About this exercise> Could you write out the lines below exactly, beginning with the first and finishing with the one that contains "Psammophiliella muralis (L.)"?

Data excerpts:
____________

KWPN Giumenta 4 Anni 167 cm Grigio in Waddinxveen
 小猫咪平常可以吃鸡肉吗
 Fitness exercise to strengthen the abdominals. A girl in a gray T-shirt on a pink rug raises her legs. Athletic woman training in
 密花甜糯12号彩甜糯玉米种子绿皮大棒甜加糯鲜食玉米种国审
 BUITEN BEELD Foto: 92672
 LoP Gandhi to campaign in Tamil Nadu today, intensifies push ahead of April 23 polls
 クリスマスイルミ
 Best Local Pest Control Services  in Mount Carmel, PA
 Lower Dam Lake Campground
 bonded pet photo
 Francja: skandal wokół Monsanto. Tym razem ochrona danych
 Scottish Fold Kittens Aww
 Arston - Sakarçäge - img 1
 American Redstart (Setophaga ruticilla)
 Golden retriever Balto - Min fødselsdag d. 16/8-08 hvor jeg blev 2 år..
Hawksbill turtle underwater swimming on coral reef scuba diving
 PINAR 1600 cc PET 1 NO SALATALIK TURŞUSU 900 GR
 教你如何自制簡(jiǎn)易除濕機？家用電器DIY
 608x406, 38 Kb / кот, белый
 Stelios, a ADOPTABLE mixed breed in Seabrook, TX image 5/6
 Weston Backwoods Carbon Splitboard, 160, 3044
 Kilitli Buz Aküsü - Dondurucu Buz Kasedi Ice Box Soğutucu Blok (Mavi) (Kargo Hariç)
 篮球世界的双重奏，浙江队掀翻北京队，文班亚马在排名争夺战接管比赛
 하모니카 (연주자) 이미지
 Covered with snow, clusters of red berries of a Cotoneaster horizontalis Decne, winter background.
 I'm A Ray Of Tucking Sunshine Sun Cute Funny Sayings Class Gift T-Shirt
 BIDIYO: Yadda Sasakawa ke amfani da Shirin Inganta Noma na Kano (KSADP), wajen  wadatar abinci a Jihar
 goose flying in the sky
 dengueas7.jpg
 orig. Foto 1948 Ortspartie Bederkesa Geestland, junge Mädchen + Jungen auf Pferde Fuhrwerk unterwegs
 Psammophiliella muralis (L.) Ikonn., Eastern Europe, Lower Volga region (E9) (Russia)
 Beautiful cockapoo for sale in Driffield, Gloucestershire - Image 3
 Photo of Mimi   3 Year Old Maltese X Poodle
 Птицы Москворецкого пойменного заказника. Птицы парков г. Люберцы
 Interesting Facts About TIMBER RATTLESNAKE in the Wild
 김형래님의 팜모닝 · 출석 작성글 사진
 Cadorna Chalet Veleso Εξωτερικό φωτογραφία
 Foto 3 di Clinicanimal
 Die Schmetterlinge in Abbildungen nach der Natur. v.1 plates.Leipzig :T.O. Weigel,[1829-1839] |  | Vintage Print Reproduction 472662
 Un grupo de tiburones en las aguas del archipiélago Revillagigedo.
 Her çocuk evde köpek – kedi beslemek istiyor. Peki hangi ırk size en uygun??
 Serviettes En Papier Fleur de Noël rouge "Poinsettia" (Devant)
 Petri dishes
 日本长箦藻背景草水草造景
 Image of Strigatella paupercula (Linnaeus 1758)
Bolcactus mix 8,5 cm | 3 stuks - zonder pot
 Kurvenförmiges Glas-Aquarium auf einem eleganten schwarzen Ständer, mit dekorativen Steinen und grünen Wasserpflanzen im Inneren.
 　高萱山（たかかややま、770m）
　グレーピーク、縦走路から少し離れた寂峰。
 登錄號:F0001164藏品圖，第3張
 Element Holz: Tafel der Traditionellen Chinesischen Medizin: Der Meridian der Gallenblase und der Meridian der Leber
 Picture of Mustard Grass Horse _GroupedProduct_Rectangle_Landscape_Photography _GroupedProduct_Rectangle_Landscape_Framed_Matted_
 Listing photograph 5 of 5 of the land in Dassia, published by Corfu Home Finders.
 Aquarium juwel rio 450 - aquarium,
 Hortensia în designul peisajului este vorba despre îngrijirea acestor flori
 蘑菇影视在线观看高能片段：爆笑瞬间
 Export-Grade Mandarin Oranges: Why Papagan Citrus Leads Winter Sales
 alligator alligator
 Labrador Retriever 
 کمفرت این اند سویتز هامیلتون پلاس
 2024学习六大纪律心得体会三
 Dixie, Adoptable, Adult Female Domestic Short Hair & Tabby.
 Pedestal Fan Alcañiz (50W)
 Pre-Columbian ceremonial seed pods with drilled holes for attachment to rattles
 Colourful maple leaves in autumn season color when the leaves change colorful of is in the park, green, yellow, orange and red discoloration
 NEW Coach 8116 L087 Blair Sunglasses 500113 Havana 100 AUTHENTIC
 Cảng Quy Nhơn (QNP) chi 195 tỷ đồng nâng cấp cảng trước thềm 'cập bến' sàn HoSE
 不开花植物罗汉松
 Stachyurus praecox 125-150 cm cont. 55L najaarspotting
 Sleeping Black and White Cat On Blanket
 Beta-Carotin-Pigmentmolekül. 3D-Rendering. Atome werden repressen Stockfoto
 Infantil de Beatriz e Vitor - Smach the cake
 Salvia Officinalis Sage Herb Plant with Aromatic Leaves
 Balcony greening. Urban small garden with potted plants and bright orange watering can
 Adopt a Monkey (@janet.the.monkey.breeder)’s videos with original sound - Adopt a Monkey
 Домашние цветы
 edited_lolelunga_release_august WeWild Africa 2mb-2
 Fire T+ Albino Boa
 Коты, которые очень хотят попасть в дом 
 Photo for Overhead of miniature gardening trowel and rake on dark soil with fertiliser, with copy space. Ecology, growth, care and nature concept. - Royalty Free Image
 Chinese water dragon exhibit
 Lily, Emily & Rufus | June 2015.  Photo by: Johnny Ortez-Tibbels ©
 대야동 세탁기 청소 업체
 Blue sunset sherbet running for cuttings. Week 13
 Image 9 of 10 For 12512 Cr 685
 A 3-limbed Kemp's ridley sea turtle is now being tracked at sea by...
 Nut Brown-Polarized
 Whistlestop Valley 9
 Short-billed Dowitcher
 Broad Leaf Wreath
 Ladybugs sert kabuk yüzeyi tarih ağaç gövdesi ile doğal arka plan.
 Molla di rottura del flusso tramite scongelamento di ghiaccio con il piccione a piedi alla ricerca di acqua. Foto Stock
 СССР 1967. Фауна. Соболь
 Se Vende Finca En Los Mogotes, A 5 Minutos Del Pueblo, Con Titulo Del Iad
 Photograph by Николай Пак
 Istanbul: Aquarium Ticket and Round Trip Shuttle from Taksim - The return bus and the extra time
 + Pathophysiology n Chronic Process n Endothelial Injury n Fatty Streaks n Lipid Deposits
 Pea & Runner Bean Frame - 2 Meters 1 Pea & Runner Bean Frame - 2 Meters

____________

Expected output>
KWPN Giumenta 4 Anni 167 cm Grigio in Waddinxveen
 小猫咪平常可以吃鸡肉吗
 Fitness exercise to strengthen the abdominals. A girl in a gray T-shirt on a pink rug raises her legs. Athletic woman training in
 密花甜糯12号彩甜糯玉米种子绿皮大棒甜加糯鲜食玉米种国审
 BUITEN BEELD Foto: 92672
 LoP Gandhi to campaign in Tamil Nadu today, intensifies push ahead of April 23 polls
 クリスマスイルミ
 Best Local Pest Control Services  in Mount Carmel, PA
 Lower Dam Lake Campground
 bonded pet photo
 Francja: skandal wokół Monsanto. Tym razem ochrona danych
 Scottish Fold Kittens Aww
 Arston - Sakarçäge - img 1
 American Redstart (Setophaga ruticilla)
 Golden retriever Balto - Min fødselsdag d. 16/8-08 hvor jeg blev 2 år..
Hawksbill turtle underwater swimming on coral reef scuba diving
 PINAR 1600 cc PET 1 NO SALATALIK TURŞUSU 900 GR
 教你如何自制簡(jiǎn)易除濕機？家用電器DIY
 608x406, 38 Kb / кот, белый
 Stelios, a ADOPTABLE mixed breed in Seabrook, TX image 5/6
 Weston Backwoods Carbon Splitboard, 160, 3044
 Kilitli Buz Aküsü - Dondurucu Buz Kasedi Ice Box Soğutucu Blok (Mavi) (Kargo Hariç)
 篮球世界的双重奏，浙江队掀翻北京队，文班亚马在排名争夺战接管比赛
 하모니카 (연주자) 이미지
 Covered with snow, clusters of red berries of a Cotoneaster horizontalis Decne, winter background.
 I'm A Ray Of Tucking Sunshine Sun Cute Funny Sayings Class Gift T-Shirt
 BIDIYO: Yadda Sasakawa ke amfani da Shirin Inganta Noma na Kano (KSADP), wajen  wadatar abinci a Jihar
 goose flying in the sky
 dengueas7.jpg
 orig. Foto 1948 Ortspartie Bederkesa Geestland, junge Mädchen + Jungen auf Pferde Fuhrwerk unterwegs
 Psammophiliella muralis (L.) Ikonn., Eastern Europe, Lower Volga region (E9) (Russia)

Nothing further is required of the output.